A loud crash cut him off. Jeff jumped in his seat. Bryce wriggled into a tighter ball beneath the blankets, and Brenda just stared ahead, her expression blank.
Jeff stood. “What the he—”
“Don’t curse in front of Bryce.” Brenda’s voice was dull, almost emotionless.
Another crash sounded, like someone was smashing ceramic dishes. Jeff hesitated. Part of him desperately wanted to run out, to see what was going on. But the dead look in Brenda’s eyes stopped him.
Dysfunctional.
Letting out a breath, Jeff picked up the music player and scrolled through. Soon he found what he assumed he’d been looking for—a playlist titled Bumble Bee.
He didn’t know how to talk to kids. They were like tiny, incoherent people with no sense of reason or logic. Yet Jeff knelt by the bed and tentatively pulled back the covers until he met a pair of frightened yet inquisitive hazel eyes. He swallowed. “Hey … kid.”
Bryce blinked at him. Jeff studied his face, and for once, didn’t tick off all the ways Bryce’s features didn’t normalize. He peeled off that analytical part of him and set it aside. He looked at Bryce, really looked, so he wasn’t just staring at the mask, but the eyes inside the mask.
And Bryce looked like a sweet, scared kid. His gaze was open and vulnerable, his lower lip trembling, his uneven features scrunched in an attempt not to cry. His little chest shuddered.
Jeff handed him the headphones.
Bryce shook his head. “Big Bee let you use it.”
At Jeff’s inquiring stare, Brenda said, “Braeden is Big Bee. Bryce is Bumble Bee.”
 
; “What are you?”
She shrugged.
Jeff rubbed his mouth. Nodded. He tried to smile at Bryce, though it felt wooden and forced. “It’s okay. I’m just going to do some homework until Braeden comes back.”
After another moment’s hesitated, Bryce put on the headphones. Jeff hit play. He barely heard strains of a harmonica before another crash came from the kitchen area, followed by high-pitched, unintelligible screaming. Bryce didn’t seem to hear, relaxing into the music, his eyes closed and a blissful smile splitting his face.
Jeff sat on the floor. Brenda didn’t move. They waited, quiet, while the intermittent chaos burst from the kitchen.
Jeff looked up at Brenda. “Does this happen a lot?”
She blinked a few times, then shrugged. “Depends on your definition.”
“Every day?”
She snorted. “No. Twice a week at most.”
Jeff rubbed his mouth to hide his wince. Twice a week was too much, in his opinion. Yet Brenda looked unaffected. Perhaps she was used to it.
Not good. Not at all.
They said nothing for a few minutes. The silence stretched out so thin that Jeff nearly jumped out of his skin when she spoke. “Should be done soon.”
He nodded, unsure what else he could add.
There was another shattering crash, and then a booming shout. “Stop! Just fucking stop!”
Was that Braeden? Jeff couldn’t imagine him yelling. It was so strange, so alien.

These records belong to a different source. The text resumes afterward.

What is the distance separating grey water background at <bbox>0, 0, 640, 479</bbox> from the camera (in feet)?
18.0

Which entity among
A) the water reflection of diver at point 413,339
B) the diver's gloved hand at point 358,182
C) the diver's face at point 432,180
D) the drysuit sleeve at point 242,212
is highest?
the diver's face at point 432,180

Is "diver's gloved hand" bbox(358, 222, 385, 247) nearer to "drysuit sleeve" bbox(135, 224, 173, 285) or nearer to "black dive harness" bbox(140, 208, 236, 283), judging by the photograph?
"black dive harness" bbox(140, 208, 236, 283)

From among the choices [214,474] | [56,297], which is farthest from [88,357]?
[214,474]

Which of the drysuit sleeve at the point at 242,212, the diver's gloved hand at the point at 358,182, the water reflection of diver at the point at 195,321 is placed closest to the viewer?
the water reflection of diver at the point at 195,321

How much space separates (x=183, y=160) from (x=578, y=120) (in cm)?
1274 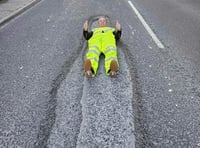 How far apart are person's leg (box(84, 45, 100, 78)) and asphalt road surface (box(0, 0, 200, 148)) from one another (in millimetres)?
155

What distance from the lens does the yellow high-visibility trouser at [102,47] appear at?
12.4 feet

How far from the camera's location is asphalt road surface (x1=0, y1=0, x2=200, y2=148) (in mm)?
2748

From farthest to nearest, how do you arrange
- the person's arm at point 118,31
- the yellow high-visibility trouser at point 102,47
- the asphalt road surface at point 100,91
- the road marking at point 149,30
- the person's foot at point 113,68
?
1. the road marking at point 149,30
2. the person's arm at point 118,31
3. the yellow high-visibility trouser at point 102,47
4. the person's foot at point 113,68
5. the asphalt road surface at point 100,91

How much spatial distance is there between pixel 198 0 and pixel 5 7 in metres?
7.81

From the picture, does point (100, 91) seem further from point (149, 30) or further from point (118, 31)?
point (149, 30)

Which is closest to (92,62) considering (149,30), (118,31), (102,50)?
(102,50)

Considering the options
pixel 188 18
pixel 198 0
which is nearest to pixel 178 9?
pixel 188 18

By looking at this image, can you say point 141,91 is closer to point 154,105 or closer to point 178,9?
point 154,105

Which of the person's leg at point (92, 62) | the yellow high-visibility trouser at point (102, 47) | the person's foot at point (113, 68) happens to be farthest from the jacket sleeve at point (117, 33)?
the person's foot at point (113, 68)

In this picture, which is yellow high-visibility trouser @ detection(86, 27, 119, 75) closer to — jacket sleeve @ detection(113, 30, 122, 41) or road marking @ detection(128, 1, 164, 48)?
jacket sleeve @ detection(113, 30, 122, 41)

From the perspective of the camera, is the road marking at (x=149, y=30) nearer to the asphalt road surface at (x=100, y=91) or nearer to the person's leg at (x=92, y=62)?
the asphalt road surface at (x=100, y=91)

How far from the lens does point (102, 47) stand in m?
4.23

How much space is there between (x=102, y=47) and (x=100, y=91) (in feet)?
3.62

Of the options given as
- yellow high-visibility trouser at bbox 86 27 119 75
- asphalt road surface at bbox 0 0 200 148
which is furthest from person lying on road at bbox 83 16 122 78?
asphalt road surface at bbox 0 0 200 148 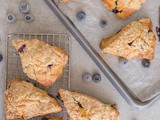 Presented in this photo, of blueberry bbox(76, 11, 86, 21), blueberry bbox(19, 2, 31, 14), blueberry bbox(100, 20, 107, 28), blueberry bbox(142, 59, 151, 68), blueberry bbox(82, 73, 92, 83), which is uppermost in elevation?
blueberry bbox(19, 2, 31, 14)

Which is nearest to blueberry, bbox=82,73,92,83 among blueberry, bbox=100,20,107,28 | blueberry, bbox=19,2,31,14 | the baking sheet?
the baking sheet

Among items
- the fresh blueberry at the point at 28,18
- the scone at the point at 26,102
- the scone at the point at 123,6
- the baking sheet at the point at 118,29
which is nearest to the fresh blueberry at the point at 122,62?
the baking sheet at the point at 118,29

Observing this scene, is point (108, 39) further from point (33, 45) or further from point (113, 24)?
point (33, 45)

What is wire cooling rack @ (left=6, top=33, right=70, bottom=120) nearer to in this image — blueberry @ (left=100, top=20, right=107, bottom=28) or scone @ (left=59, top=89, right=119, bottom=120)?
scone @ (left=59, top=89, right=119, bottom=120)

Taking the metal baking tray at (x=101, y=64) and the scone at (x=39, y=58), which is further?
the metal baking tray at (x=101, y=64)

Brenda sighed. “Maybe not.”
A piercing wail followed Braeden’s voice. “Don’t yell at me! I’m your mother!”
“How the fuck can you tell? What the fuck did you take this time?”
More wailing. The shouting stopped on Braeden’s end, but Mrs. Britely could be heard loud and painfully clear.
Jeff rubbed his forehead. He shifted uncomfortably and finally asked, “Is your mom okay?”
“Depends on your definition,” she repeated.
He sighed. “Is she mentally … well?”
“I’m surprised you didn’t say she was crazy.” Though her words had bite, she just looked worn down and tired. “She’s fine. Allegedly. Maybe she is crazy. It’s not an illness, she’s just a bitch.”